Chicaba was kidnapped by Spanish sailors and sold into slavery. She was sent to the island of São Tomé, where she was baptized and given the name Teresa. During her childhood she was exported to Spain. Perhaps her youth, her illness during the arduous first leg of the Middle Passage, or maybe her enslavers’ belief that the gold bangles (manacles) she wore were signs of her exalted social status convinced the traders that she might bring a special profit in the Spanish market.

Juliana Teresa Portocarrero y Meneses, then Duchess of Arcos and later the third wife of the 2nd Marquess of Mancera, purchased Chicaba. The marquess had served as viceroy of New Spain and, during his tenure there, had been a protector of the writer and nun Juana Inés de la Cruz.

As a member of the retinue of this religious aristocratic household, the young slave habituated herself to the piousness of her mistress and developed a sense of spirituality that in time became her key to freedom. In addition, while with the marchioness, Chicaba must have acquired the intellectual preparation that enabled her to undertake the customary projects of religious women of the period.

In accordance with the behest of her owner, who died in 1703, Teresa was free to enter the Dominican monastery of Saint Mary Magdalene in Salamanca, known as "La Penitencia". This monastery (as often happened in other monasteries, not only in Spain) admitted, next to the community of the Dominican nuns, the presence of some lay-women, who chose to devote themselves to a life of penitence and prayer, but they did not make vows as nuns. She traveled to this monastery, the only one to accept the black woman after several attempts on her behalf by the members of the household where she had been a slave. She took with her a handsome dowry (more than most nuns entering that community) and expected to be accepted as a member of the community in some official capacity, but was surprised or disappointed when the welcome was not as she expected. She was initially denied by the local bishop, who only granted her permission to work as a maid for the religious community. Some years later, he relented and she was allowed to make vows as a tertiary, not as a nun.

Over time, Teresa gained recognition as a healer and a sister with prodigious religious gifts. The annuity bequeathed her in the marchioness’ will as well as donations from people who sought her prayers which they believed to be effective, allowed her to gain ascendancy in the monastery among nuns who were only able to make their professions thanks to her financial help with their dowries.
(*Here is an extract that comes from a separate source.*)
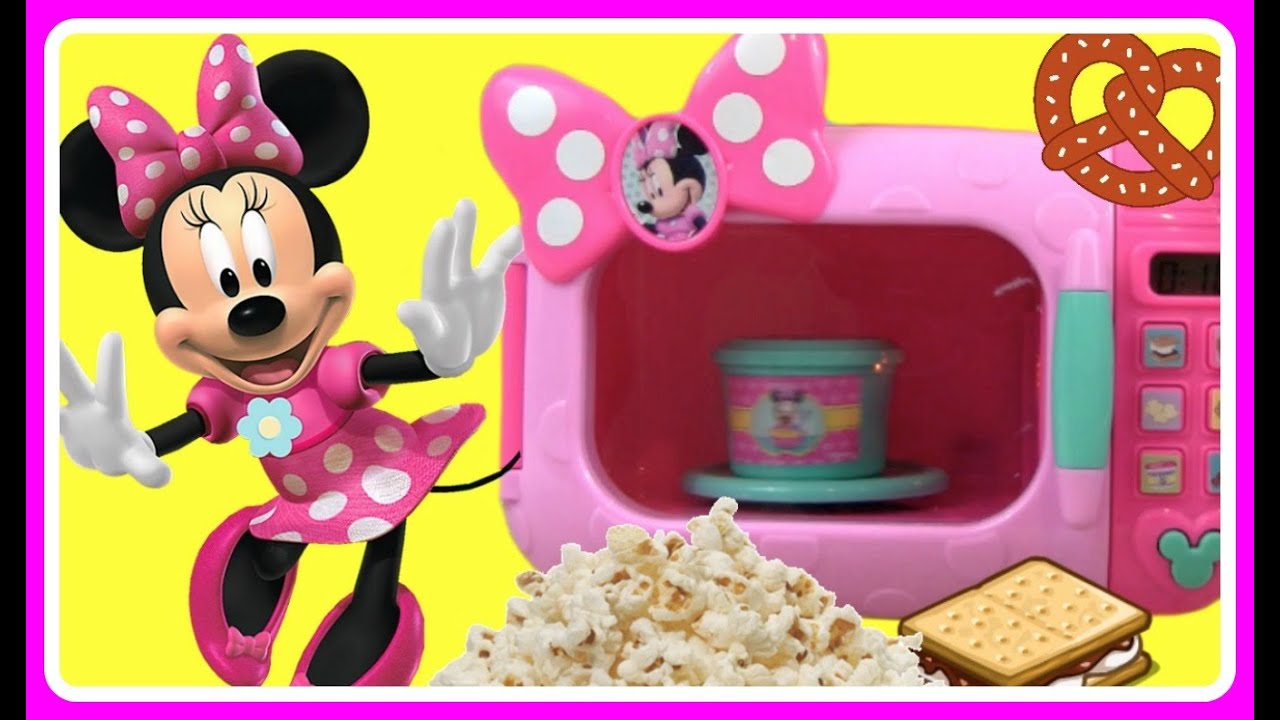 Minnie Mouse Marvelous Microwave Set, Officially Licensed Kids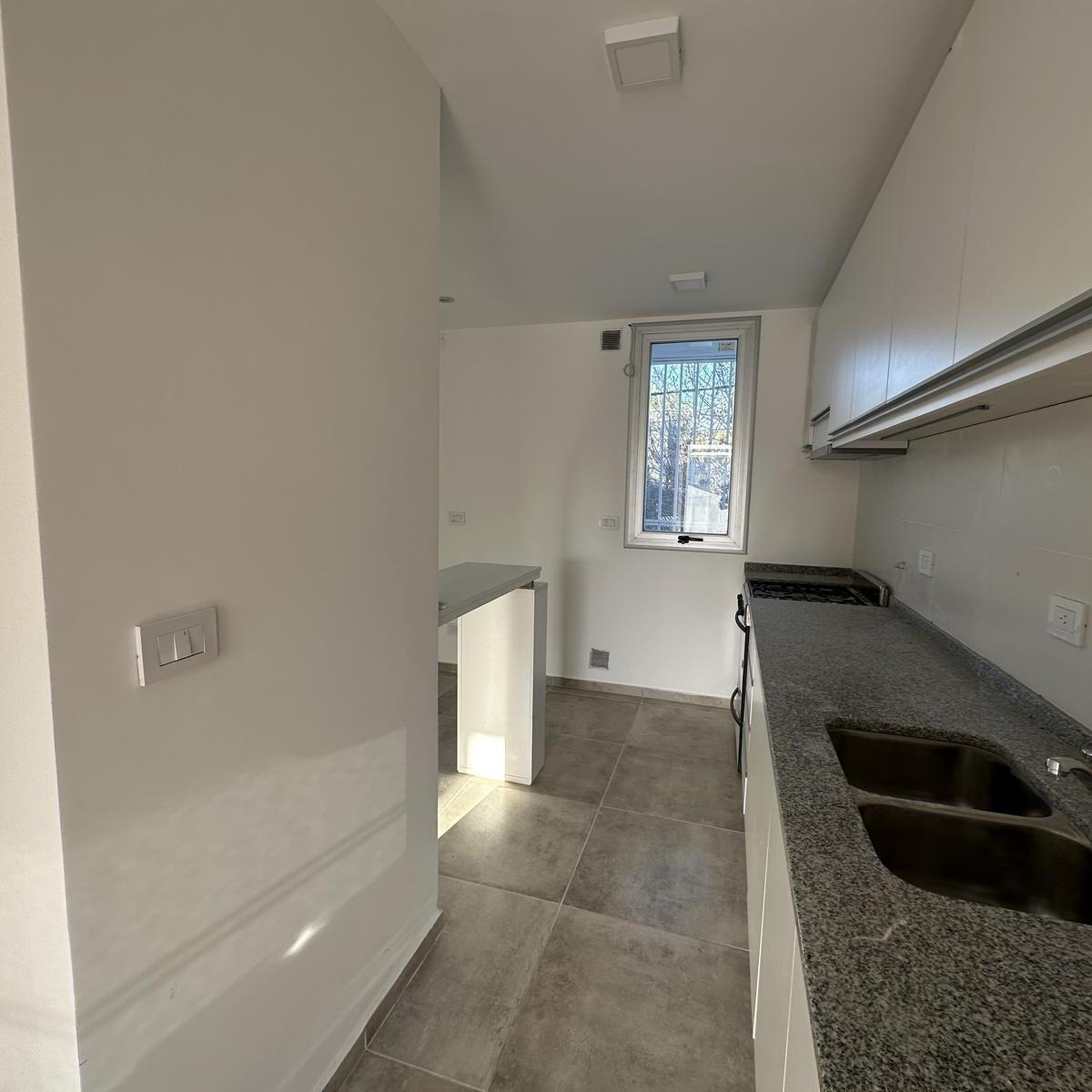 Departamento en 462 (Alvear) y 14a - City Bell 1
Teresa died on 6 December 1748. She was known for the care she gave to the poor, sick and down-hearted. Her acts of charity, her mystical experiences, and her fame as a healer or miracle worker moved her order soon after her death to commission two portraits of her for purposes of local veneration. At the same time, they initiated the process for her beatification, for which the Theatine priest Paniagua wrote first a funeral oration (Oración fúnebre en las Exequias de la Madre Sor Teresa Juliana de Santo Domingo, de feliz memoria, celebradas en el día nueve de enero en el Convento de Religiosas Dominicas, vulgo de la Penitencia, Salamanca, 1749) and later the full-length hagiography, that has been published also in English. Paniagua's Vida reveals a Catholic piety joined with religious practices retained among some peoples of African descent. Her cause for canonisation is being pursued.

== Beatification process ==
The process of beatification for Chikaba started in 1997, granting her the title Servant of God. The diocesan inquiry on the virtues was opened on 26 February 2001 (date of the first session) and was closed in 2003. On 17 February 2006 the juridical validity of the diocesan inquiry was recognized by the Dicastery of the Causes of Saints.